COLORADO SPRINGS, Colo. (KRDO) - Newly passed taxes and regulations by the state legislature could make it more difficult for businesses and households to bounce back from the economic downfall caused by COVID-19 restrictions.
The Colorado Chamber of Commerce made the announcement during a news conference Tuesday morning, featuring a recent report from the Common Sense Institute, a non-partisan research organization dedicated to the protection and promotion of Colorado's economy.
The report found that the cumulative cost of new taxes and fees will be approximately $1.8 billion per year within the next three to five years.
That projection does not include the costs to businesses and households to comply with new regulations and legislation which don't have full cost estimates yet -- including mandatory coverage of sick leave, increased health insurance benefits coverage, full costs of oil and gas regulations, and multiple layers of mandates to reduce emissions.

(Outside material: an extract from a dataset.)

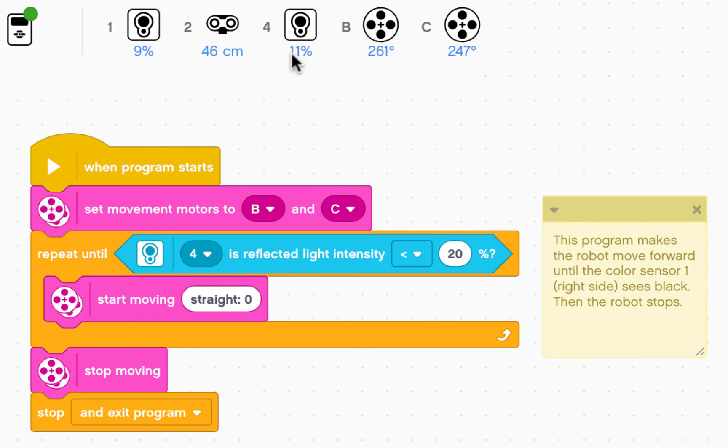I've therefore shown that my robot is working properly. My color sensors are operating as they should. And I'm ready to move on to the next state of the process. Thank you very much.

There were 150,000 fewer jobs in Colorado in December 2020 relative to the start of the year, representing a 5.4% cut, according to the Common Sense Institute report. Nearly 91,000 of those jobs were in the leisure and hospitality industries.
Small business suffered, especially. As of February 10th, researchers say small business revenue was down nearly 30% from January 2020.
Colorado's unemployment rate increased by the second-most among all states, from 2.5% to 8.5%. The Colorado state unemployment ranking went from 4th to 48th, the report claims.
Colorado Chamber officials are now calling on the state legislature to hold off on rolling out the new regulations and taxes as small businesses try to recover from recent shutdowns.
"We need our state leaders to simply allow businesses to get back on their feet during this time, because that is the only path to economic recovery," said Loren Furman.